Satellite images dispelled initial impressions that Nanda Devi itself broke. David Petley, an Earth scientist, author of AGU’s Landside Blog, and vice president for innovation at the University of Sheffield, analyzed 3-meter-resolution satellite images of the site a day before the collapse and one image taken a few hours after. He said the images showed that “a large block of rock weakened on the mountainside over the weeks leading up to the disaster. On the day [of the disaster], it finally collapsed.” Petley explained that the large block “instantaneously fragmented and turned into an avalanche, not of snow but of rock, which headed down the valley.”

Chittenipattu Rajendran, a geologist at the National Institute of Advanced Studies in Bangalore, agreed with Petley and said the disaster began as a rock slope detachment, with a huge piece of icy rock rolling down the cliff at tremendous speed and landing on the top of a hanging glacier in the Raunthi glacier area. “It instantly transformed the glacier ice into water. The water mixed with rocks and other debris…[and] the pressure of debris further squeezed the water-sodden sediment, [which flooded] the river valley in cascades.”

Disasters are not new to the Himalayas, which were formed 40–50 million years ago when the northward moving Indian plate crashed into the Eurasian plate. Tectonics are still very active in the region—every year, the Indian plate migrates northward by about 5 millimeters, and the Himalayas are elevated by about 1 centimeter. The continuing movement has resulted in numerous faults, with sheets and slabs of deformed and sheared rocks that are weak and loosely bound.

Slippery Slopes

The February 2021 flooding disaster is the second to strike Uttarakhand in less than a decade, and geologists fear greater fallout from the twin impacts of global warming and a spate of development projects such as roads, dams, and power plants.

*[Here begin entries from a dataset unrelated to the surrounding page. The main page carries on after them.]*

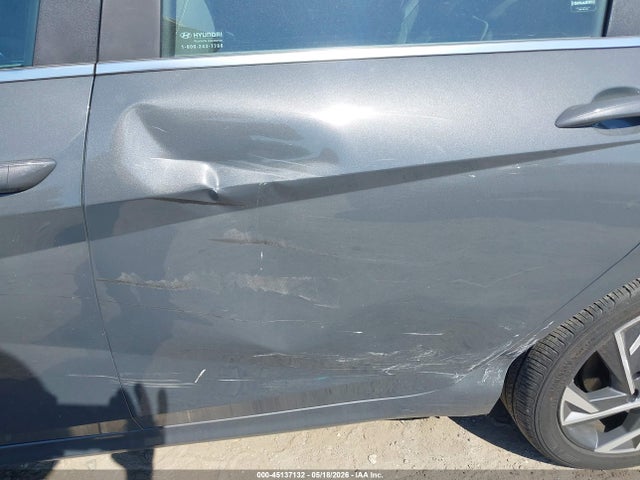 Hyundai ELANTRA Sel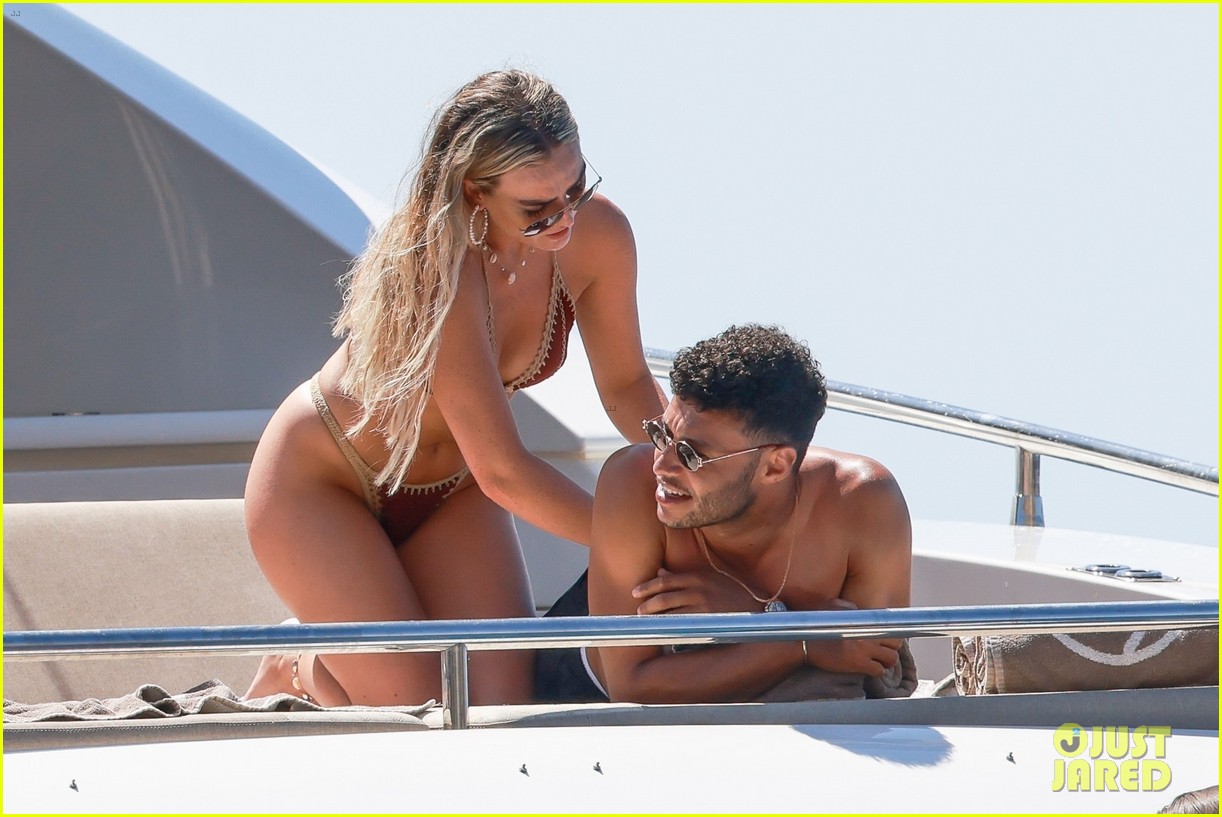 Perrie Edwards & Alex Oxlade-Chamberlain Have Fun In The Sun In Spain!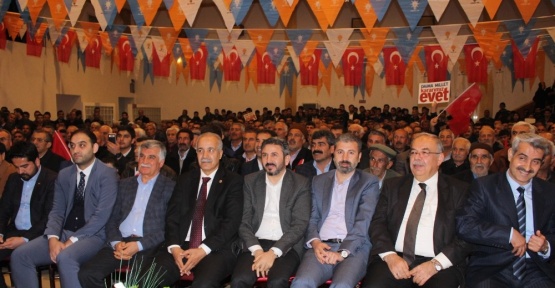 Referanduma ‘Evet’ kampanyası toplantıları devam ediyor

2014 report from India’s National Institute of Disaster Management cautioned that climate change is likely to aggravate the frequency of flash floods due to high-intensity rainfall, glacial lake outburst floods, and landslides.

The disasters in Uttarakhand can be attributed fundamentally to “the warming-induced untimely melting of permafrost, the permanently frozen ice in the cracks and crevices between the rocks that holds them together and helps stabilize steep slopes,” Rajendran said. “If warmer temperatures cause destabilization of steep slopes in traditionally cold climate regions, there will be more high-risk areas for rockslides and rock avalanches in the future.”

Geologists have been warning against tampering with the slopes, especially digging for mining and roads. Such disturbances could further destabilize the earth and trigger rockfalls, landslides, and debris avalanches during heavy rains.

“Road building is endemic in the Himalayas and is causing huge damage,” said Petley. “Roads cut slopes without proper engineering in many cases. They disrupt drainage.” The waste rock from such construction projects is dumped on the slopes or in the river, which can further alter the landscape and disrupt drainage.

The Chamoli flood has damaged several hydrological projects by the sheer force of gushing water or by siltation, said Rajendran. “These projects have been opposed from the very beginning by the public, as they were perceived to endanger the sensitive ecosystems of the Himalaya,” he said. “The Chamoli event is yet another reminder of what to expect in the future.”